Critical patients with COVID-19 were divided into a critical recovered cases group and a dead group according to the outcome. Of course, we can also divide them into critical patients of group A (<1.1 × 10E9/L) and group B (>1.1 × 10E9/L) according to number of lymphocytes. A total of 80 critical patients were enrolled according to the lymphocyte count at admission, with 66 in group A (27 recovered, 39 dead) and 14 in group B (9 recovered, 5 dead). Analyzing survival, we found that there was no significant difference between group A and group B (P = .3067). We then analyzed the survival rate according to lymphocytes at the 25% hospital stay (on average day 6.5). A total of 65 critical patients were enrolled, with 48 patients in group A (18 recovered, 30 dead) and 17 patients in group B (15 recovered, 2 dead). The results showed that the survival rate of group A was significantly lower than that of group B (P = .0003). The same results were also found at the 50% and 75% time points (P = .003, P < .0001, respectively) (Fig. 5).

F5
Figure 5:
Prognosis of lymphocytes of severe and critical patients with COVID-19 on 1–4time point. We can divide critical patients with COVID-19 into the group A (<1.1 × 10E9/L) and group B (>1.1 × 10E9/L) according to their number of lymphocytes. Analyzing survival, we found that the survival rate of group A (<1.1 × 10E9/L) was significantly lower than that of group B (>1.1 × 10E9/L) at the second time point (P = .0003). The same results were also found at the third and fourth time points (P = .003, P < .0001, respectively).

4 Discussion

This was a retrospective cohort study. We reviewed clinical records, nursing records, laboratory findings, and CT scans from the data of 205 patients with laboratory-confirmed COVID-19. We have presented the important changes in blood cell count of patients with SARS-CoV-2 infection of different clinical types and at different follow-up time points in China. To study the characteristics of peripheral blood lymphocytes in critically ill patients is of great significance for timely diagnosis, accurate typing, accurate treatment, delaying or delaying the development of the disease and reducing the mortality.

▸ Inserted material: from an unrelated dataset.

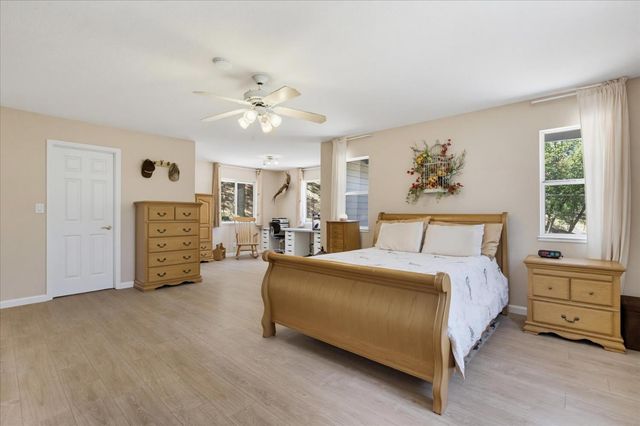 19407 Tiger Tail Rd, Grass Valley, CA 95949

A very important characteristic is that lymphocytes were reduced in patients with COVID-19, especially in critically ill patients. Our research found that 70.2% of COVID-19 cases displayed low circulating lymphocyte counts, of which 64.1% were severe cases and 85.0% were critical cases (75.9% recovered cases and 93.5% died). According to new research, about 82.1% of COVID-19 cases displayed low lymphocyte counts,[1,2,24,25] which is consistent with our research. However, earlier studies have been unclear regarding the numbers and function of lymphocytes in COVID-19 patients, although a reduction in lymphocyte count is suggested.[2,25] Cytokine storm induced by virus invasion[25] is a phenomenon of an excessive inflammatory reaction that rapidly produces many cytokines, especially IL-6, in response to microbial infection. This phenomenon has been considered an important contributor to COVID-19. Persistent stimulation by the virus may lead to a reduction in lymphocytes.[26–28] The pathogenesis of lymphocyte reduction in COVID-19 may be caused by the following mechanisms:

  • 1. translocation of lymphocytes from peripheral blood to the lungs,[3,29–30] gastrointestinal tracts, and/or lymphoid tissues[20,31];
  • 2. lymphocytes express the ACE2 receptor and may be a direct target of SARS-CoV-2 infection.[32]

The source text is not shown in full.